ゲノム配列からウィルス配列を同定してアノテーションをつける VIBRANT

　細菌や古細菌に感染するウイルスは世界的に豊富であり、ほとんどの環境で宿主の数を上回っている [ref.1,2,3]。ウイルスは、感染時に宿主細胞の代謝状態を再プログラムすることができる義務的な細胞内病原性遺伝要素であり、多様な環境下で毎日20～40％の微生物を溶解させる可能性がある[ref.4, 5]。ウイルスは、その豊富さと広範な活動により、炭素、窒素、リン、硫黄などの必須栄養素の循環に寄与しているため、微生物群集の重要な要素となっている[ref.6,7,8,9,10]。ヒトのシステムでは、ウイルスは炎症性腸疾患などの様々な疾患を引き起こす可能性のある共生障害に関与していることが示唆されており、免疫システムとの共生的な役割を果たしていることさえある[ref.11,12,13]。

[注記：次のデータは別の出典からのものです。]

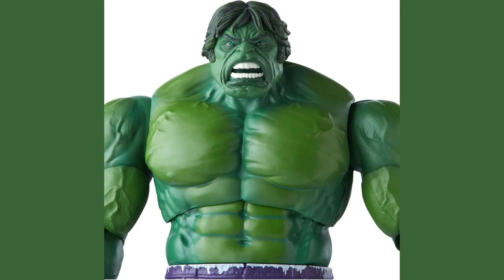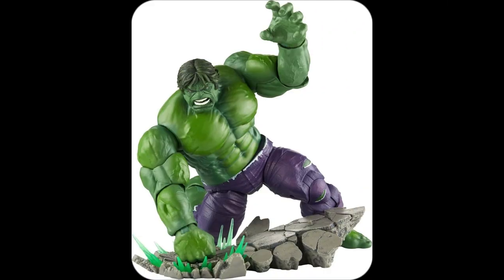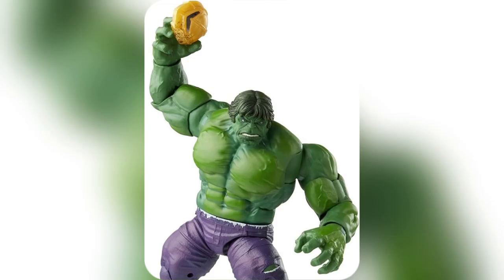With all his epic accessories, he's the complete package. It's like having Hulk's entire adventure toolkit right at home. Trust me, you need this. Click now before it smashes away.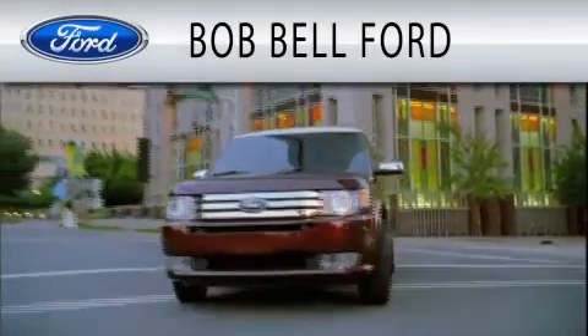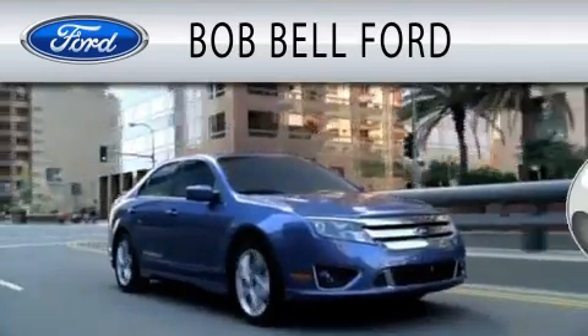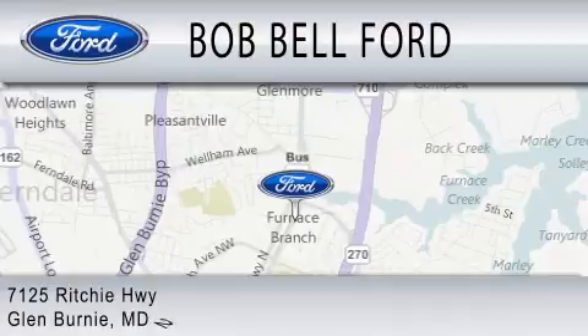Bob Bell Ford is dedicated to doing everything possible to ensure that the experience you have selecting your vehicle is as pleasant as possible. We are located at 7125 Ritchie Highway in Glen Burnie.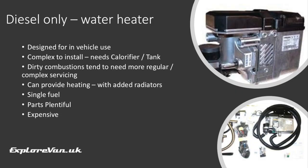A diesel-powered water heater means you can run this while stationary, but you still need to have a calorifier tank to store the water once heated. Diesel heaters do tend to have a dirtier combustion than LPG, so they tend to need more regular or in-depth servicing. For well-known models like Webasto, parts are plentiful, but they're not cheap and are quite complex to install.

　ウイルスは、遺伝子の内容、配列、コードされた機能の多様性に大きな可能性を秘めている[ref.14,15,16,17]。その遺伝的多様性を認識し、新規抗微生物薬候補、バイオテクノロジー応用のための酵素、バイオレメディエーションのためのこれらのウイルス配列を「マイニング」することに大きな関心が寄せられている[ref.18,19,20,21,22]。最近では、ウイルスが代謝プロセスを特異的に駆動することにより、栄養素の生物地球化学的循環を直接結びつける可能性があることがわかってきている[ref.23,24,25,26,27]。例えば、ウイルスは感染時に、宿主の代謝を引き継いで指示することで、必要な栄養素の40～90％を周囲の環境から獲得することができる[ref.28,29,30]。宿主の代謝フレームワークを操作するために、一部のウイルスは宿主から代謝遺伝子を選択的に「盗む」。これらの宿主由来の遺伝子は、補助代謝遺伝子（AMG）と総称され、感染時に積極的に発現し、ウイルスにフィットネス上の優位性を与えることができる [ref.31,32,33,34]。マイクロバイオームにおけるウイルスの役割を研究し、生態系機能のモデルにウイルスを組み込む必要性から、微生物群集全体の中でどのような配列がウイルスに由来するかを決定することが非常に重要になってきた。これらの配列には、遊離ウイルス、活動的な細胞内感染（これは、ある時点で全細菌の30％にも及ぶ可能性がある[ref.35]）、粒子または宿主に付着したウイルス[ref.36]、および宿主に統合されたウイルスゲノムまたはエピソームウイルスゲノム（すなわち、プロウイルス）が含まれる。

（一部省略）

　より最近のツールはVirSorterの代替または補足ツールとして開発されてきた。VirFinder [ref.41]は、機械学習を実装し、ウイルス予測のアノテーションデータベースから完全に独立した最初のツールであり、後にPPR-Meta [ref.42]で実装されたプラットフォームであった。VirFinderは、ウイルスが8ヌクレオチド頻度の特徴的なパターン（8-merと呼ばれる）を示す傾向があることを考慮して構築されたが、これはウイルスが宿主と非常に類似したヌクレオチドパターンを共有できるという知識にもかかわらず提案されたものである[ref.43]。これらの8-merパターンは、500 bp以下の短い配列を迅速に分類し、モデルに基づいたスコアを生成するために使用されるが、スコアのカットオフを定義するのはユーザー次第である。VirFinderはVirSorterと比較してウイルスの回収能力を大幅に向上させることが示されたが、機械学習モデルのトレーニング中におそらくはリファレンスデータベースに関連したバイアスから、多様なウイルスを予測する際にホストとソース環境にかなりのバイアスがかかっていることも示された[ref.41]。さらに、特定の環境からのウイルスの回収率が低いことも確認されている[ref.44]。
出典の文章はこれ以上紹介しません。